Collected material –
····················

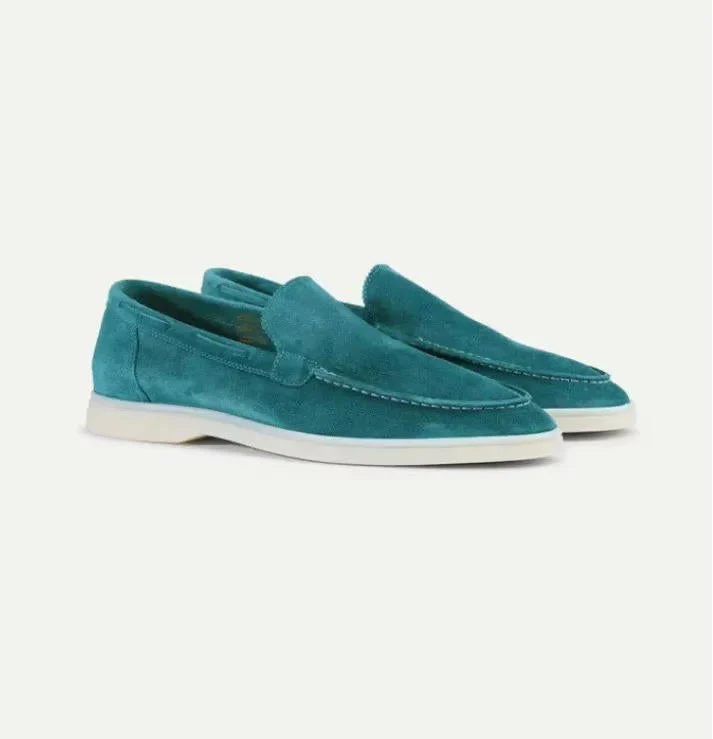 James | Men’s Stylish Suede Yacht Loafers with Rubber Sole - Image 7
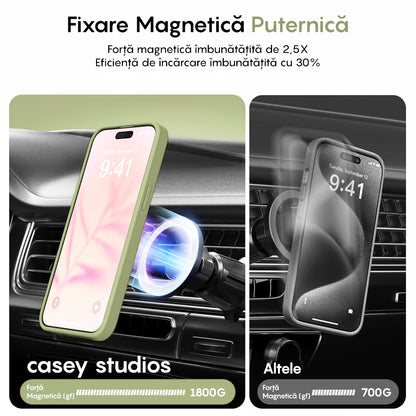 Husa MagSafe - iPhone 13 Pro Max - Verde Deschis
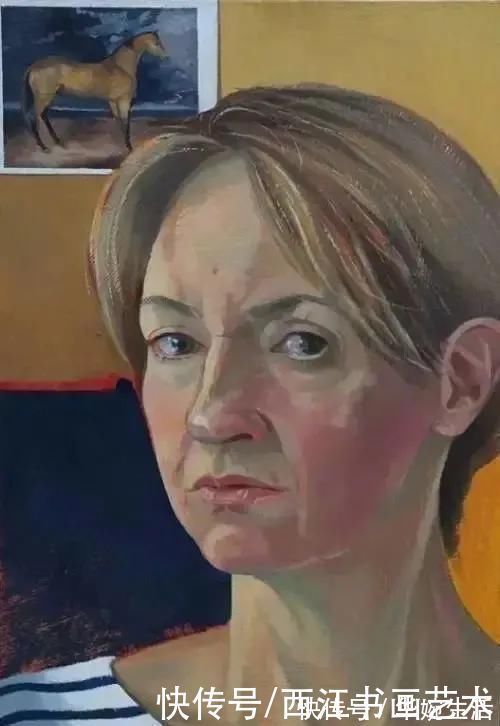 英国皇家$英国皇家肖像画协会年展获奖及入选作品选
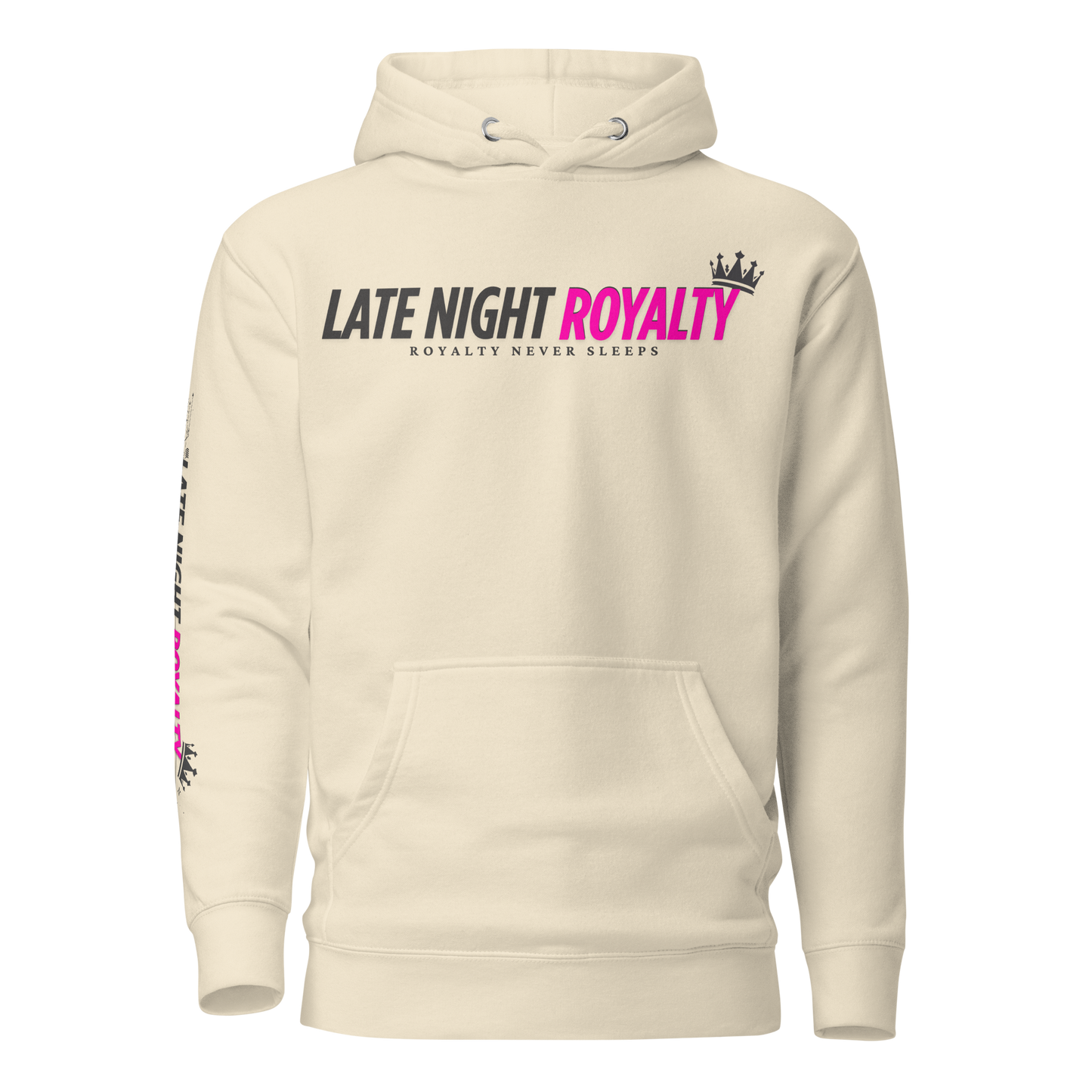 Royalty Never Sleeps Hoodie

····················

Required work –
With pictures omitted, reproduce exactly the lines from the line containing "Husa MagSafe - iPhone" through the end of the data above.

Response to this task –
 Husa MagSafe - iPhone 13 Pro Max - Verde Deschis
 英国皇家$英国皇家肖像画协会年展获奖及入选作品选
 Royalty Never Sleeps Hoodie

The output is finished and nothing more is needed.